Would you output the entries below only from the line containing "Drive Assembly Diagram" through the line containing "Top Clothing Brands", exactly as they stand and with both ends included?

Top of Data records

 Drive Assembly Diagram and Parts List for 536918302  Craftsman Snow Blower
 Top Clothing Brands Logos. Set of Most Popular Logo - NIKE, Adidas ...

Bottom of Data records
Top of Data records

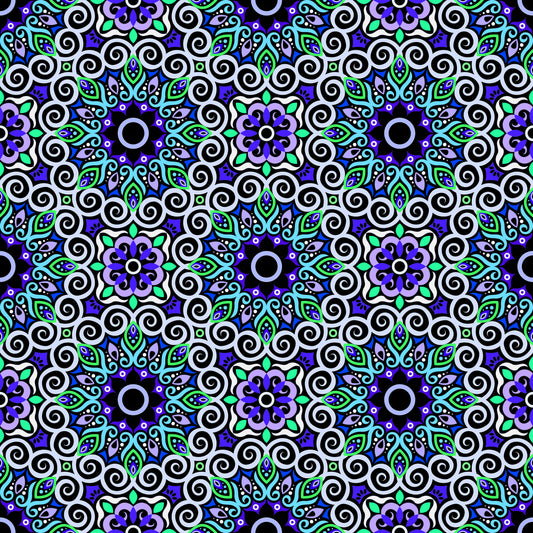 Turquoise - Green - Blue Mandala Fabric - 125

Bottom of Data records

Solved problem:
 Drive Assembly Diagram and Parts List for 536918302  Craftsman Snow Blower
 Top Clothing Brands Logos. Set of Most Popular Logo - NIKE, Adidas ...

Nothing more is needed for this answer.